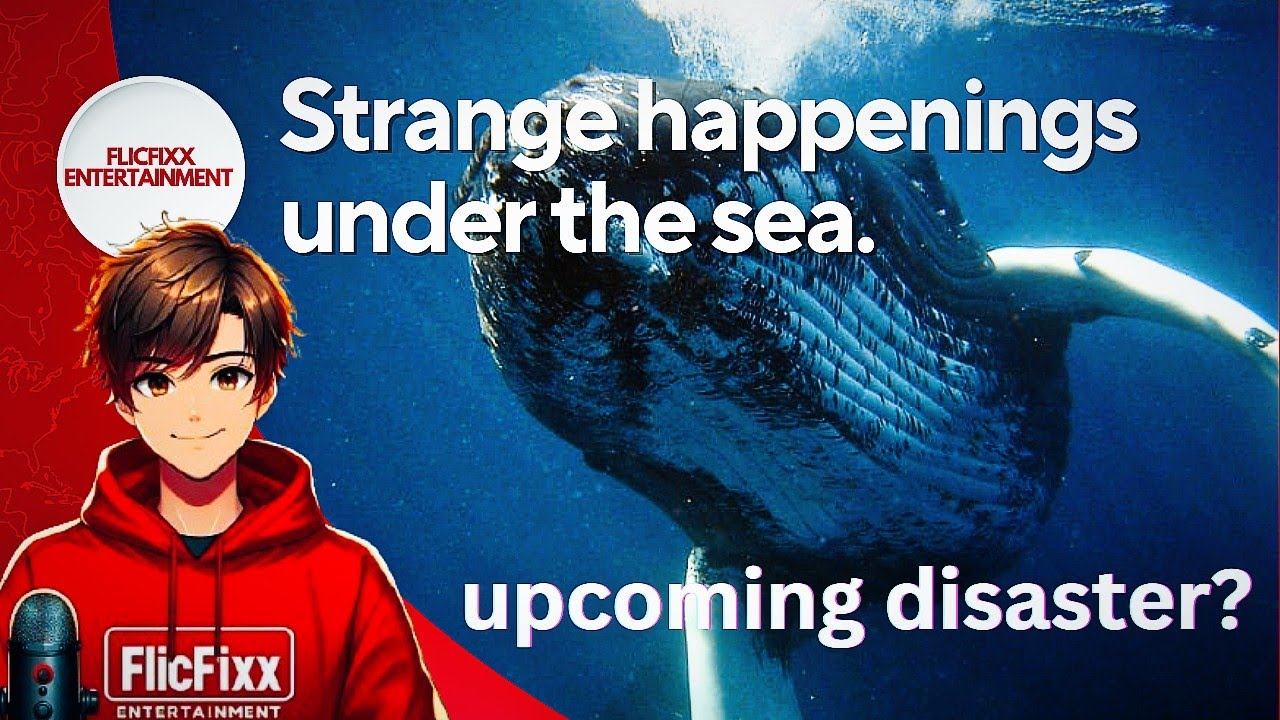 Doomsday Fish: Deep Sea Creatures Coming To Surface | viral news |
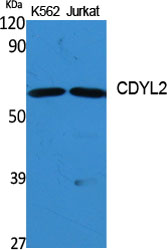 1 - CDYL2 Polyclonal Antibody AP69031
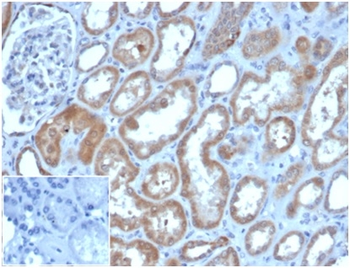 LY75 Antibody
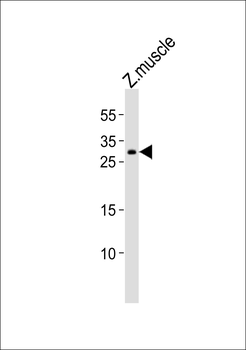 Zebrafish hoxb6a Antibody (Center)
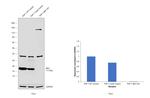 IBA1 Antibody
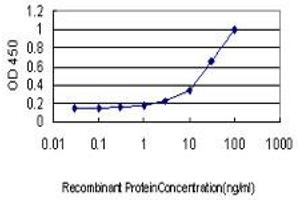 Detection limit for recombinant GST tagged MAPK9 is approximately 3ng/ml as a capture antibody. (JNK2 antibody  (AA 1-424))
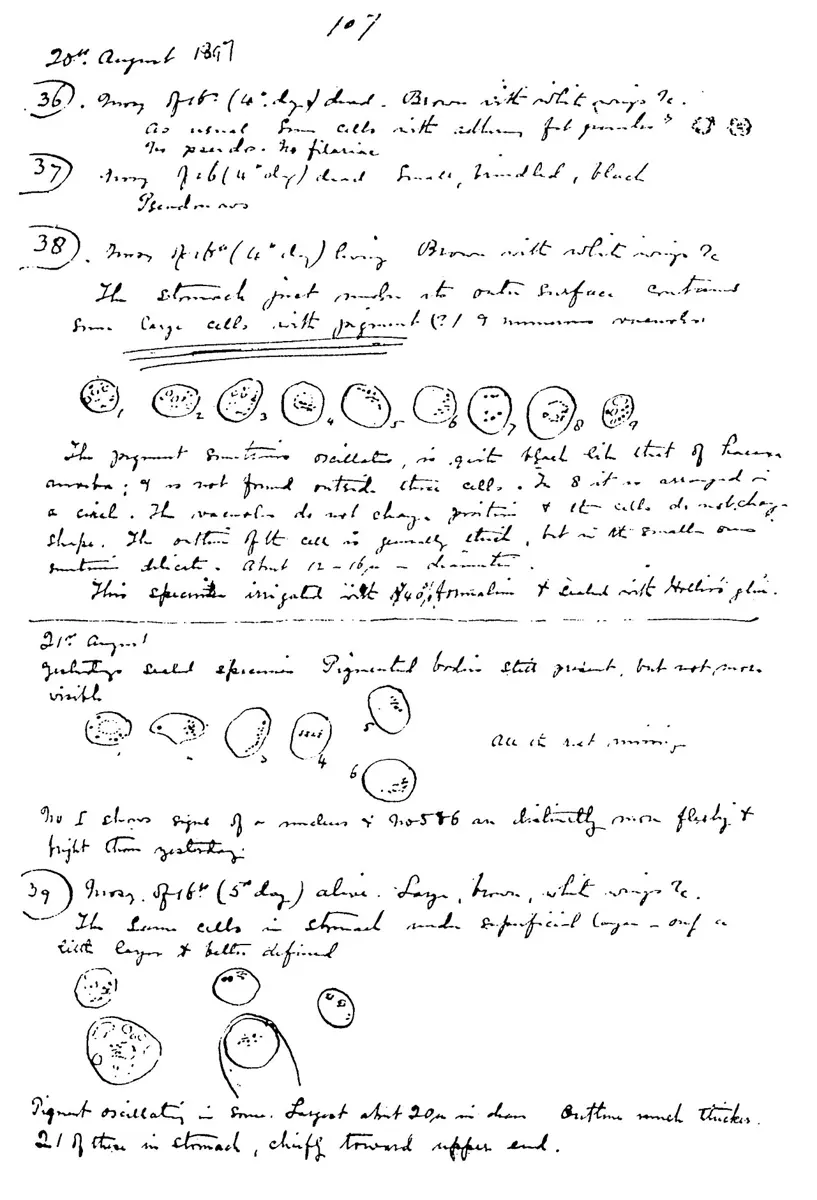 A handwritten notebook page dated 20th August 1897, with numbered notes on mosquitoes and small drawings of round cells, some with dots inside
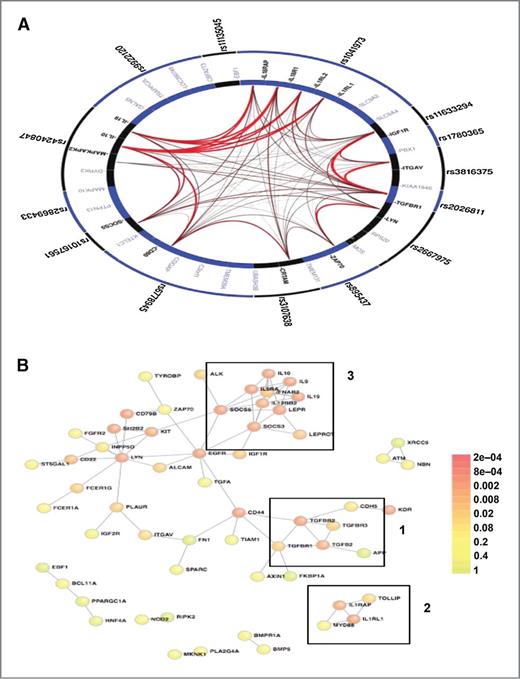 Figure 2. Literature-based connectivity analyses. A, GGI analysis demonstrates the high degree of significant connectivity amongst the highly ranked immune SNPs in the oropharyngeal cancer GWAS. The figure was generated using the GRAIL platform, which determined the corresponding corrected P values for all gene–gene connections. The outer ring contains the input SNPs and the inner ring shows all possible genes corresponding to each SNP locus. Genes with significant intergene connections, determined by the GRAIL P value (Supplementary Table S2), are in bold and the thickness of the connection corresponds to strength of their interconnections. B, PPI network for the top ranked 200 immune genes in the oropharyngeal cancer GWAS generated using the DAPPLE platform. Nodes, proteins; links, direct interactions reported in the literature; colors, significance of the interaction as defined by the color key. Visual analysis of the oropharyngeal cancer GWAS immune network reveals three distinct immune clusters: 1, TGFβ signaling; 2, innate immunity; 3, Th1/Th2 balance.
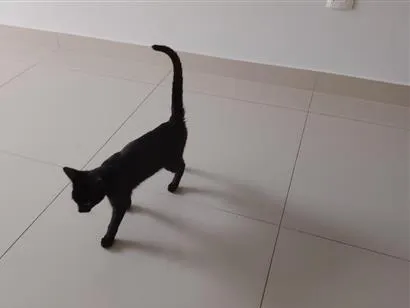 Gato raça SRD-ViraLata idade 2 a 6 meses nome Pantera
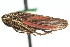  (Cuerna hasbroucki - CNC#HEM400156)  @11 [ ] CreativeCommons - Attribution (2011) CNC/CBG Photography Group Centre for Biodiversity Genomics
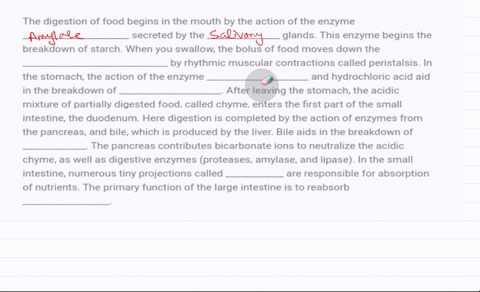 the-digestion-of-food-begins-in-the-mouth-by-the-action-of-the-enzyme-______________________-secreted-by-the-_______________-glands-this-enzyme-begins-the-breakdown-of-starch-when-you-swallo-87453
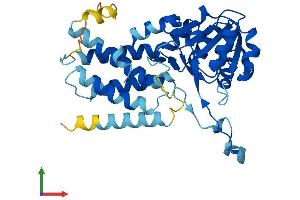 AlphaFold protein structure predicition of Mouse Recombinant Eif2b2 Protein, UniprotID Q99LD9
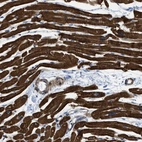 Anti-KCNH7 Antibody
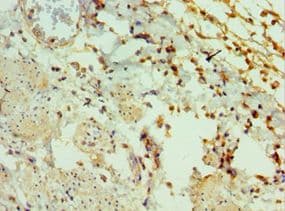 GAL / Galanin Antibody (aa20-123)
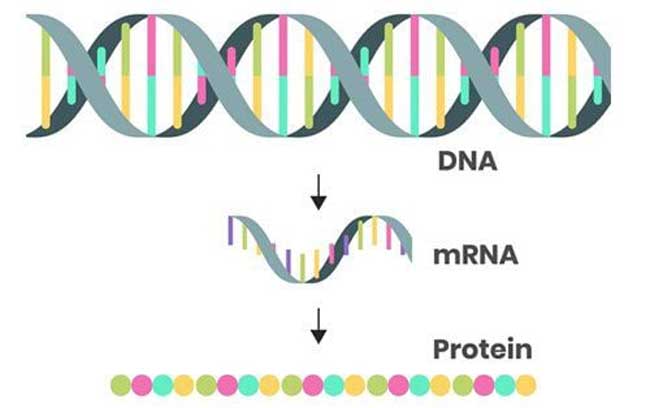 mRNA là gì?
:::::
__Problem requirements__: Each line from the first line of the data above through the one containing "A handwritten notebook" must be set down exactly; the pictures must not be.

__Your response__:
 Doomsday Fish: Deep Sea Creatures Coming To Surface | viral news |
 1 - CDYL2 Polyclonal Antibody AP69031
 LY75 Antibody
 Zebrafish hoxb6a Antibody (Center)
 IBA1 Antibody
 Detection limit for recombinant GST tagged MAPK9 is approximately 3ng/ml as a capture antibody. (JNK2 antibody  (AA 1-424))
 A handwritten notebook page dated 20th August 1897, with numbered notes on mosquitoes and small drawings of round cells, some with dots inside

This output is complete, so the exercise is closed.